In quei mesi aveva decretato lo stop della produzione e l’inizio della dismissione lo stabilimento tessile di Cetraro che occupava 500 dipendenti. Stessa sorte per le metalmeccaniche Cavalli di Rende, mentre anche la Mancuso e Ferro si avviava alla fine della sua gloriosa esistenza. «Non sembra che le autorità locali stiano seriamente agendo per evitare che i dipendenti della cartiera Bilotti perdano, non solo il posto ma anche il presidio di disoccupazione.

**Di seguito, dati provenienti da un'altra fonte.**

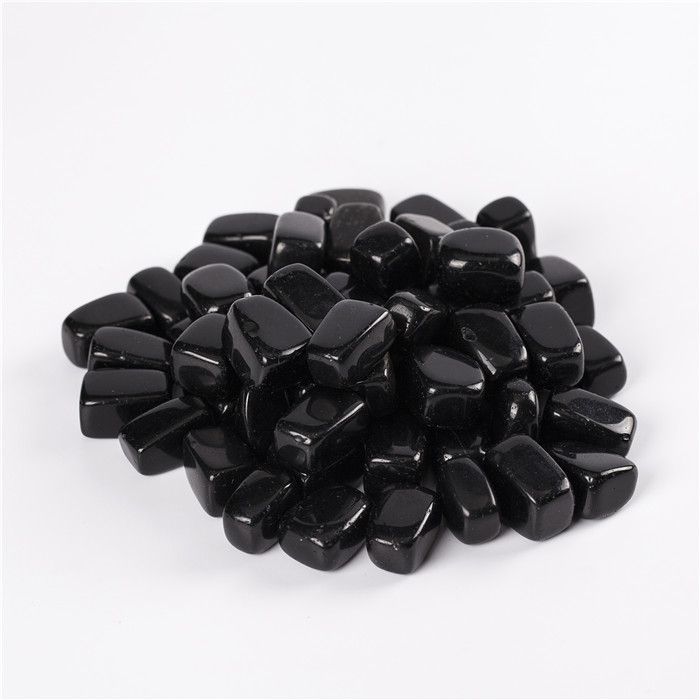 Czarny Obsidian.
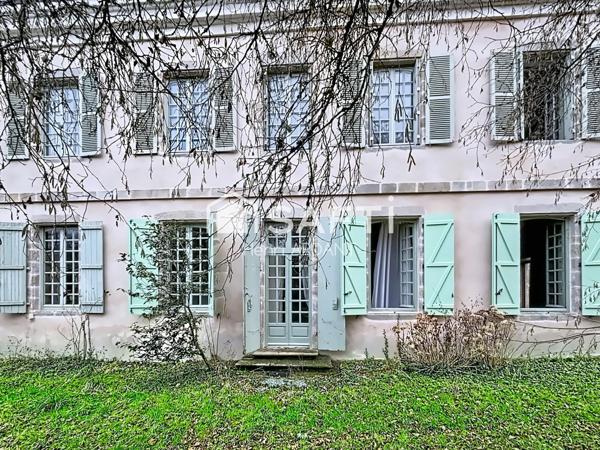 Maison de Prestige à rénover au ras de LIMOGES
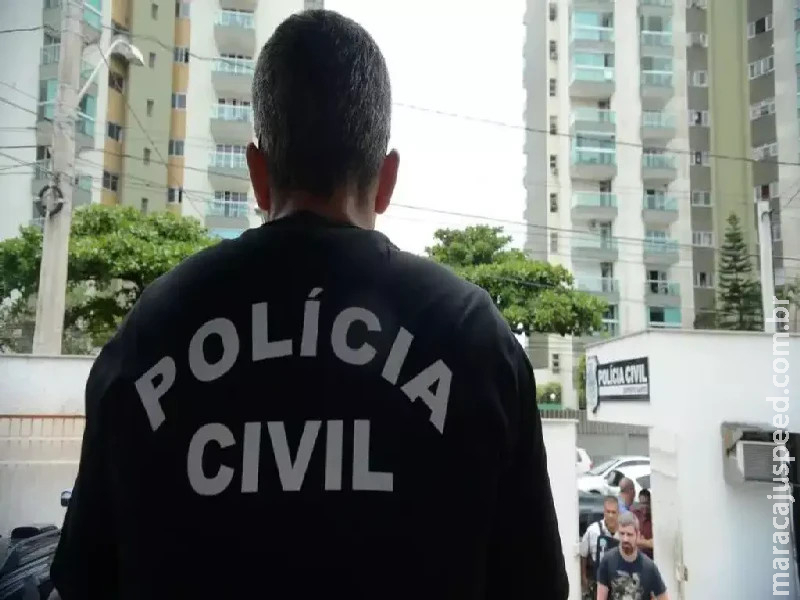 Polícia Civil cumpre mandados de busca e apreensão e prisão contra o PCC em São Paulo Polícia Civil cumpre mandados de busca e apreensão e prisão contra o PCC em São Paulo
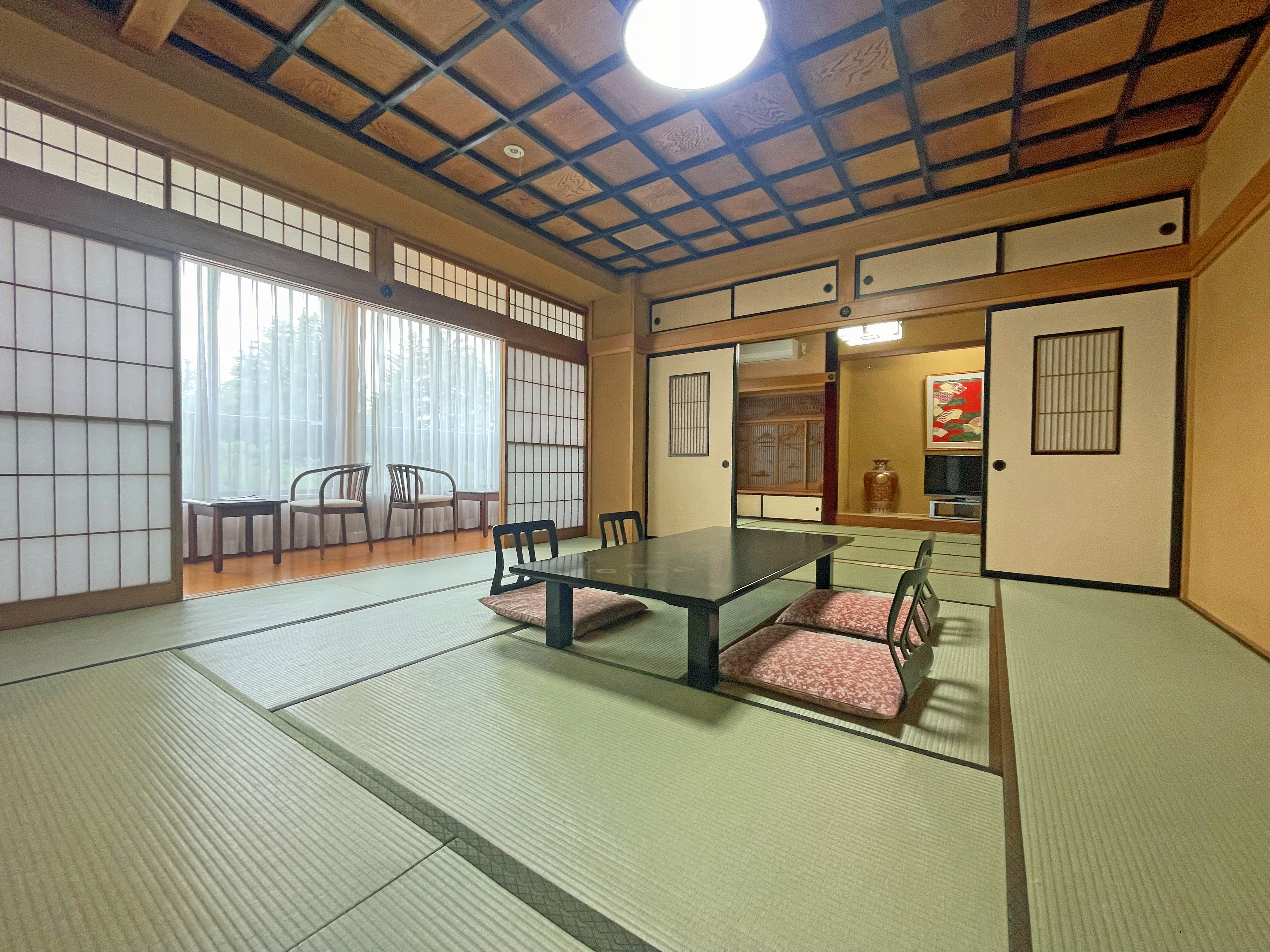 和室20畳《12畳＋8畳の2間続き》（トイレ付）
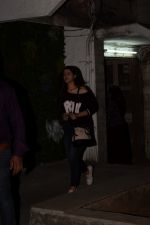 Kriti Sanon_s Sister Nupur Sanon Spotted At Cromekayvon 31st Jan 2018 (2)_5a72ae4d274c7.JPG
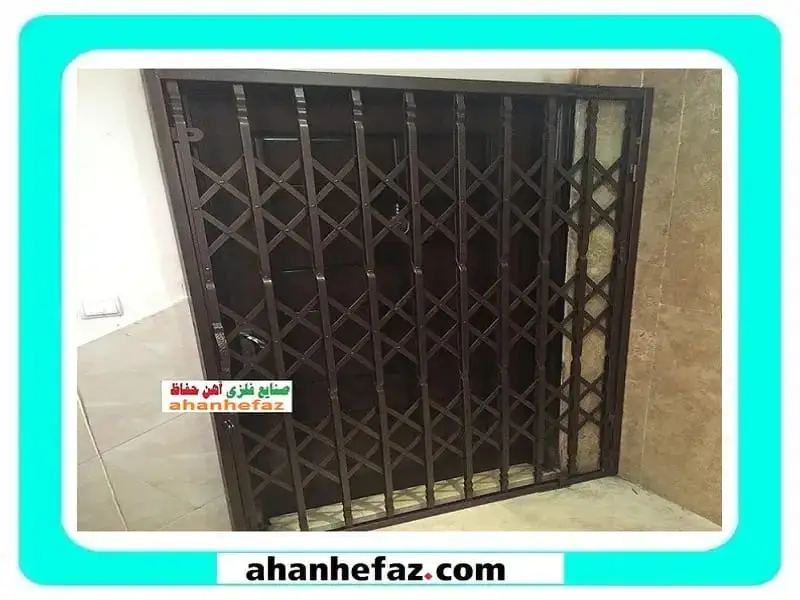 درب آکاردئونی فلزی خانه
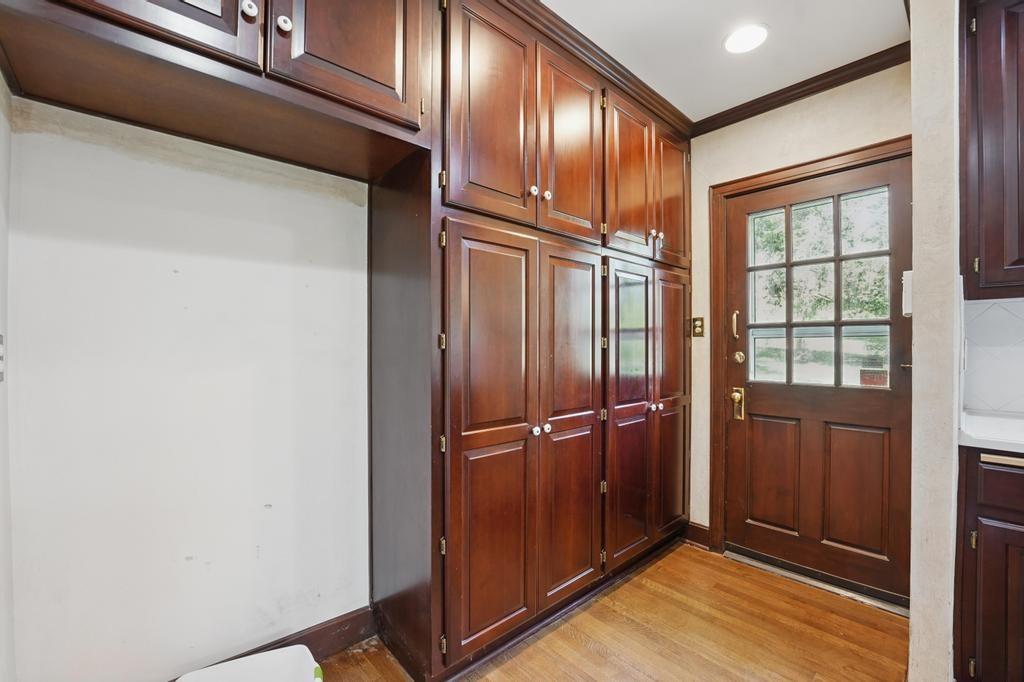 1548 NE Woods Chapel Road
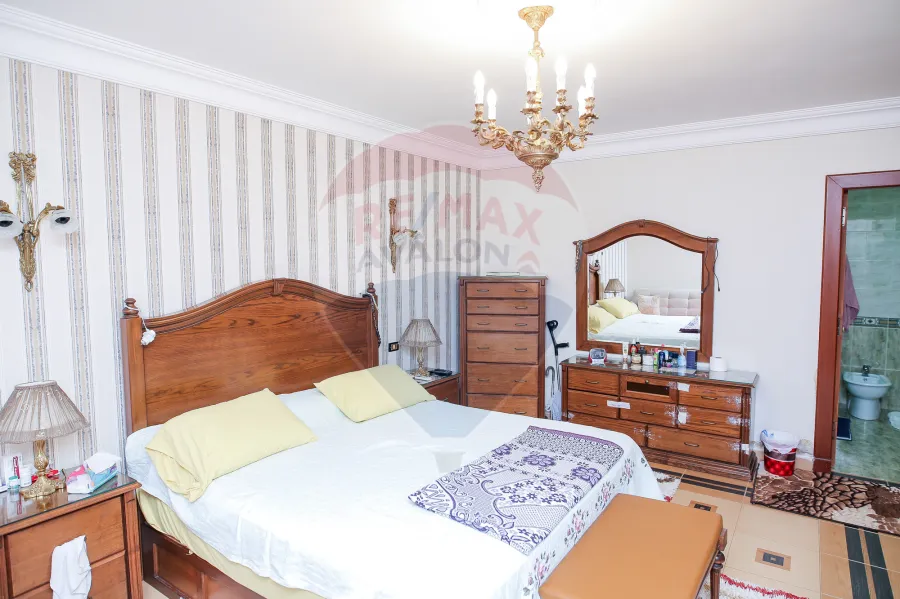 Apartment for sale 320m Smouha (Seif Tower. Branched From Albert Elawal St.)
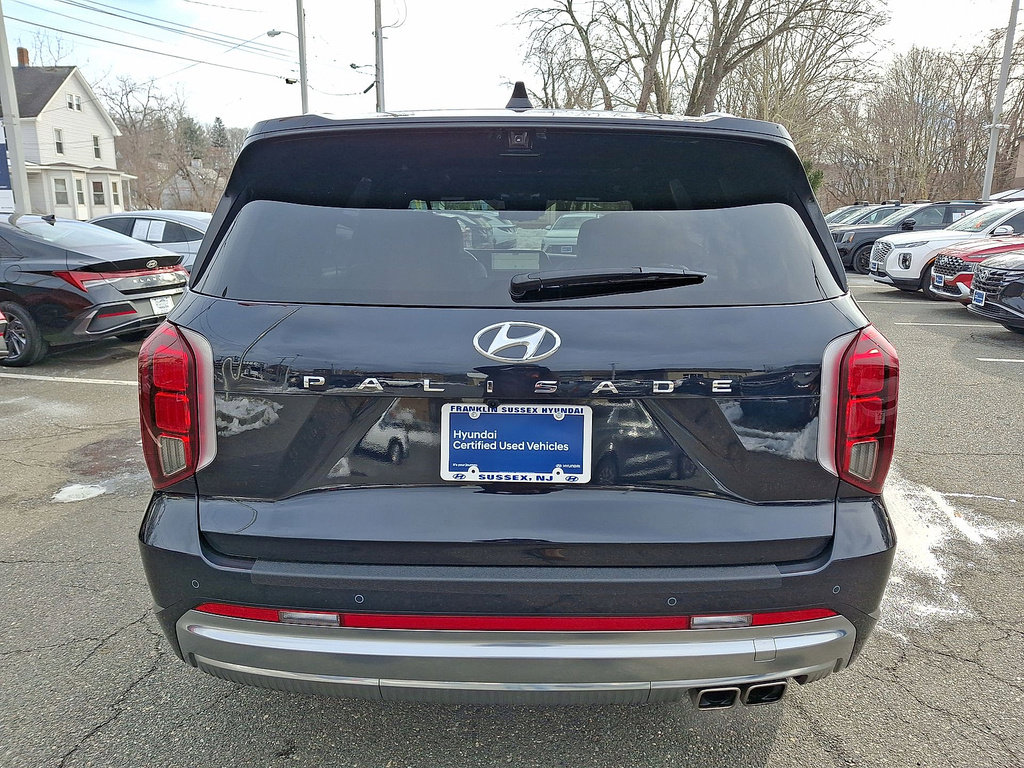 Used 2023 Hyundai Palisade Calligraphy w/ Winter Package image 23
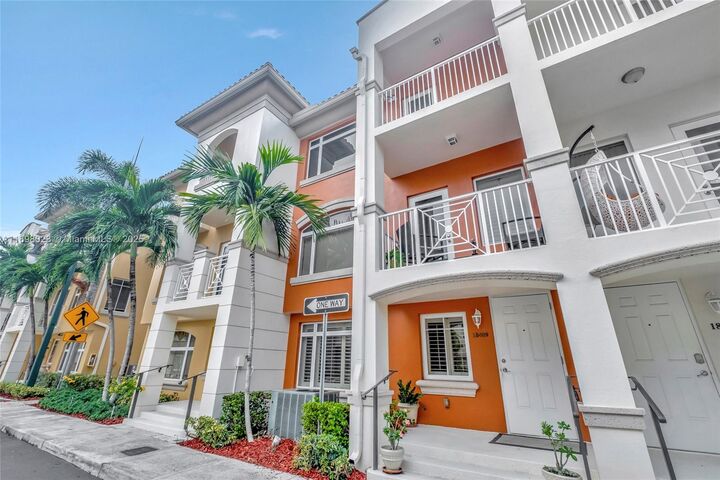 18409 NE 27th Ct 156  Aventura FL 33160 photo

Se il governo non interviene la già dissestata economia della provincia di Cosenza riceverà un colpo fatale…», tuonò Tripodi.
Il ministro Ferri portò alla memoria i due grossi finanziamenti ricevuti dalla cartiera per un totale di poco meno di 200milioni di lire tra il 1969 e il 1970 e la promessa di una proroga a 9 mesi dell’intervento della cassa integrazione. Poi nicchiò: «Alcuni settori produttivi risentono com’è noto, da vari anni, di una recessione […] Tra tali settori è compreso il l’edilizio, il cartario e il tessile, cioè quei settori che riguardano le industrie di Cosenza che recentemente hanno interrotto la loro attività». Continuando: «Ovviamente nelle zone nelle quali il processo di industrializzazione è agli inizi, la chiusura delle industrie viene subito maggiormente avvertita ed il governo tiene in conto tale aspetto, intervenendo con tutti i mezzi di cui dispone».
Divenuta “Cartiera Busento” dopo un piano di ristrutturazione aziendale, la gloriosa fabbrica chiuse definitivamente nel 1976. Una fine tra clamorose perdite, 35 licenziamenti e conti ballerini. Nei capannoni dell’ex cartiera, adibiti a partire dal dicembre del 1997 a discoteca “Soho Music Hall”, molti di noi brindarono al nuovo anno leggeri, psichedelici e sicuramente immemori.